Agricultural Bioinformatics Research Unit, Graduate School of Agricultural and Life Sciences, University of Tokyo, 1-1-1 Yayoi Bunkyo-Ku, Tokyo, 113-8657, Japan.
J Mol Evol. 2010 Oct;71(4):250-67. doi: 10.1007/s00239-010-9380-9. Epub 2010 Aug 26.

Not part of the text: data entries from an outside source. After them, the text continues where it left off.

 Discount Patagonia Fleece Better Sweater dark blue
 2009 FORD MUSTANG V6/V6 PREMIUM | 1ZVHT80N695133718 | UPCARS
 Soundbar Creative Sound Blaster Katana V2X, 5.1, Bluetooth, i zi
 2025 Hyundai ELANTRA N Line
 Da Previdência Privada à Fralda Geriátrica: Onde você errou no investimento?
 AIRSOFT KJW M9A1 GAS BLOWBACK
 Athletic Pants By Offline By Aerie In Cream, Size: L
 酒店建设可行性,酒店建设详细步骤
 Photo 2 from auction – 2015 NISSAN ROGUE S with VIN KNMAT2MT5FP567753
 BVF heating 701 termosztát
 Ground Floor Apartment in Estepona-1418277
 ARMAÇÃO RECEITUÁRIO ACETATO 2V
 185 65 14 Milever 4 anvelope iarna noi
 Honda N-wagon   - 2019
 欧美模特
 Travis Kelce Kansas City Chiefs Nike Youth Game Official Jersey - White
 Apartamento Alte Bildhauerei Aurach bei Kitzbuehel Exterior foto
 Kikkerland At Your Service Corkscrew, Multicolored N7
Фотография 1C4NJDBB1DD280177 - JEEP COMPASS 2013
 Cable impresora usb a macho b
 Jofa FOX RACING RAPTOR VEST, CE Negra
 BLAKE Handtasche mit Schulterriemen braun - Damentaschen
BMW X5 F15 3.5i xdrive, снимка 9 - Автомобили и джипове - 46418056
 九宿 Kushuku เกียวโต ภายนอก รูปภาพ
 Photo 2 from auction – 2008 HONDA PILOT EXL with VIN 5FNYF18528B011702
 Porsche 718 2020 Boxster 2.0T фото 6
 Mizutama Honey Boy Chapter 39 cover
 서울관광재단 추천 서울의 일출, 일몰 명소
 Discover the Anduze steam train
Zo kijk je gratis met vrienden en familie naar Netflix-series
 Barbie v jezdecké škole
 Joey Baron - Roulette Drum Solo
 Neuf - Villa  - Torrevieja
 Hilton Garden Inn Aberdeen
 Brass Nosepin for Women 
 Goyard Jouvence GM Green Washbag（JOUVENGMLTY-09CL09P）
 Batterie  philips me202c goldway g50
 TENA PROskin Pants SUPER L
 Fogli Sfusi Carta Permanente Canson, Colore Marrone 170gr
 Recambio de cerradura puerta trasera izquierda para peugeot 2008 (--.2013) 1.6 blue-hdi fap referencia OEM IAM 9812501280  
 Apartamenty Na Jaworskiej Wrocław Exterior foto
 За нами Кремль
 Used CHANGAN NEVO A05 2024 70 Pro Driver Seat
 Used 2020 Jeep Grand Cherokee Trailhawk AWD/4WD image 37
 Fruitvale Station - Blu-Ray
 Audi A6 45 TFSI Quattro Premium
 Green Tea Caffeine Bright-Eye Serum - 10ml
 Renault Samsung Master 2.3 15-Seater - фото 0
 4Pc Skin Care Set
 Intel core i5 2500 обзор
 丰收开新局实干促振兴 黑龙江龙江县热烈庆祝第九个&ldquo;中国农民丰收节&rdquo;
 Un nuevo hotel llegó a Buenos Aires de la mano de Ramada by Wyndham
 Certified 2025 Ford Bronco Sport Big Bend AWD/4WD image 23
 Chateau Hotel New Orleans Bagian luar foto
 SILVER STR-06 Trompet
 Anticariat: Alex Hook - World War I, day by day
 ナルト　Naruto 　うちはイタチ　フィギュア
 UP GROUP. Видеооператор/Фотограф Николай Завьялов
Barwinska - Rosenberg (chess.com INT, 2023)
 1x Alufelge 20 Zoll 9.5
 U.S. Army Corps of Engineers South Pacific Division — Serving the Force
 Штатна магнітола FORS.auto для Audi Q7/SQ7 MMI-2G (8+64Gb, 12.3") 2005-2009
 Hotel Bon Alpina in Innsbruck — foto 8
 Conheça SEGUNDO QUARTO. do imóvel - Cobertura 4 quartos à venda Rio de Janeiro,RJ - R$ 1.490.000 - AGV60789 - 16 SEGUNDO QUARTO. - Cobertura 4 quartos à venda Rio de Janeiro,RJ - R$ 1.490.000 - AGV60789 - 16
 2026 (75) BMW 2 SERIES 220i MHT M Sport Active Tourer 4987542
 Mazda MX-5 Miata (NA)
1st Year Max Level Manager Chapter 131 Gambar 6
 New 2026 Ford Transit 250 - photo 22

Species identification is one of the most important issues in biological studies. Due to recent increases in the amount of genomic information available and the development of DNA sequencing technologies, the applicability of using DNA sequences to identify species (commonly referred to as "DNA barcoding") is being tested in many areas. Several methods have been suggested to identify species using DNA sequences, including similarity scores, analysis of phylogenetic and population genetic information, and detection of species-specific sequence patterns. Although these methods have demonstrated good performance under a range of circumstances, they also have limitations, as they are subject to loss of information, require intensive computation and are sensitive to model mis-specification, and can be difficult to evaluate in terms of the significance of identification. Here, we suggest a new DNA barcoding method in which support vector machine (SVM) procedures are adopted. Our new method is nonparametric and thus is expected to be robust for a wide range of evolutionary scenarios as well as multilocus analyses. Furthermore, we describe bootstrap procedures that can be used to test the significances of species identifications. We implemented a novel conversion technique for transforming sequence data to real-valued vectors, and therefore, bootstrap procedures can be easily combined with our SVM approach. In this study, we present the results of simulation studies and empirical data analyses to demonstrate the performance of our method and discuss its properties.
物种鉴定是生物学研究中最重要的问题之一。由于最近基因组信息量的增加和 DNA 测序技术的发展,利用 DNA 序列鉴定物种(通常称为“DNA 条形码”)的适用性正在许多领域得到检验。已经提出了几种使用 DNA 序列鉴定物种的方法,包括相似度评分、系统发生和种群遗传信息分析以及检测物种特异性序列模式。尽管这些方法在一系列情况下表现出良好的性能,但它们也存在局限性,因为它们会导致信息丢失,需要密集的计算,并且对模型的误设定敏感,并且在鉴定的显著性方面难以评估。在这里,我们建议采用支持向量机(SVM)程序的新 DNA 条形码方法。我们的新方法是非参数的,因此有望在广泛的进化情景以及多点分析中具有稳健性。此外,我们还描述了可用于测试物种鉴定显著性的自举程序。我们实施了一种新颖的转换技术,可将序列数据转换为实值向量,因此,自举程序可以很容易地与我们的 SVM 方法结合使用。在本研究中,我们呈现了模拟研究和实际数据分析的结果,以展示我们的方法的性能,并讨论其性质。